I have never been one to be bossed about and luckily for me when I was working, the bosses that I had were really lovely. Taking a break out of working life to care for my sick husband has meant that I haven’t had to deal with bosses and workplace politics over the past few years and whilst that has been fantastic for my sanity, my finances have taken a real nosedive.
Most of the regular readers to my blogs will know that I became ill during my time out of work and that has hindered my return. Some of you might recall that I was studying to get a degree in English and that I had many options I was pursuing. Getting sick myself has certainly brought with it a whole new set of problems that have meant I had to delay my return to work.
Late last year an opportunity arose for me to become self-employed. I have to admit I really didn’t think I was cut out for self-employment; sure, I write and that’s always been freelance, but the opportunity that was presented to me seemed too scary. It was definitely something I was qualified to do but I just didn’t know if I had the energy and know-how to be my own boss.
I started working on my business in the new year and felt it was something I shouldn’t talk about much, which was crazy because how was anyone going to know about the services I provided if I didn’t market myself. I started posting online, mostly on Facebook and found that it wasn’t so scary after all. You see, we tell ourselves that we have to live our lives a certain way, we have to fit into a certain mould before anyone will take us seriously.
At the beginning of the year, I decided that I was no longer going to limit myself. I was going to put all of my time and energy into growing my business and take myself seriously instead of putting myself down. The thing is I was giving advice to people as part of my business and telling them that they shouldn’t be so hard on themselves, they should be nurturing themselves and being the best version of themselves, yet here I was cheating myself and being negative about me. So I gave myself a stern talking to and started practicing my preach.
In the beginning it seemed a very strange thing for me to be doing. So used to prioritising everyone else I found it really difficult to put my own needs first.

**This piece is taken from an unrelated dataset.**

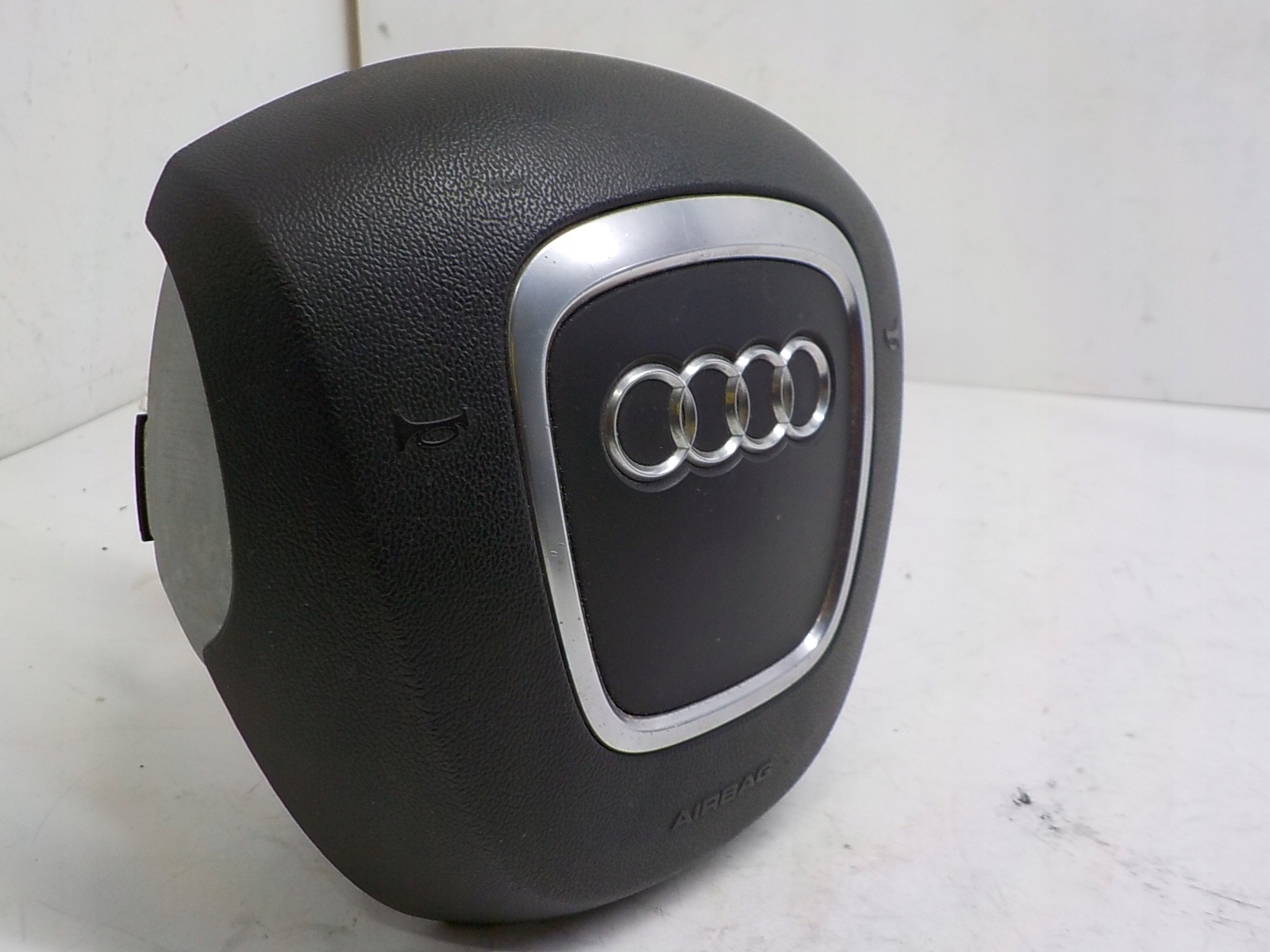 AUDI A3 II 8P Airbag Deckel AIR BAG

I felt selfish, I felt like I was letting my loved ones down. I persevered and eventually I realised that I was worthy of the same time, energy and commitment that I gave to everyone else. I mattered too.
Working from home, for myself, doing the things that I love has certainly been a revelation. I have discovered talents I never knew I had. I have learnt to prioritise my time and energy in such a way that I have a much better work-life balance than I ever dreamt would be possible. I understand myself so much better too. Many of you will be aware that I have several chronic illnesses and these illnesses prevent me from working in a traditional job. They limit what I am able to do and certainly make life interesting. Being self-employed has given me the freedom to become independent again financially. Prior to this I was claiming disability benefits and with all of the cuts, my money was going down but my bills were steadily increasing.
I am not going to lie to you, there are days when I am confined to my bed, howling with pain and feeling like a ten-tonne truck has hit me. I still have those days, I still am chronically ill. I still have the mobility issues. The difference is I get to choose when the work gets done. I get to set the pace, I get to decide the hours and days I am going to work and if I hit a rough patch then I can work from my bed if needs be.
I am grateful for the opportunities my life has presented me with. Admittedly, there have been many challenges along the way, but one thing I can honestly say is that I am a survivor and when the going gets tough I get tougher.
Living life on my terms is so rewarding and fulfilling. I cannot thank the people who have helped me to achieve this enough, without them I would still be procrastinating and wishing for a miracle.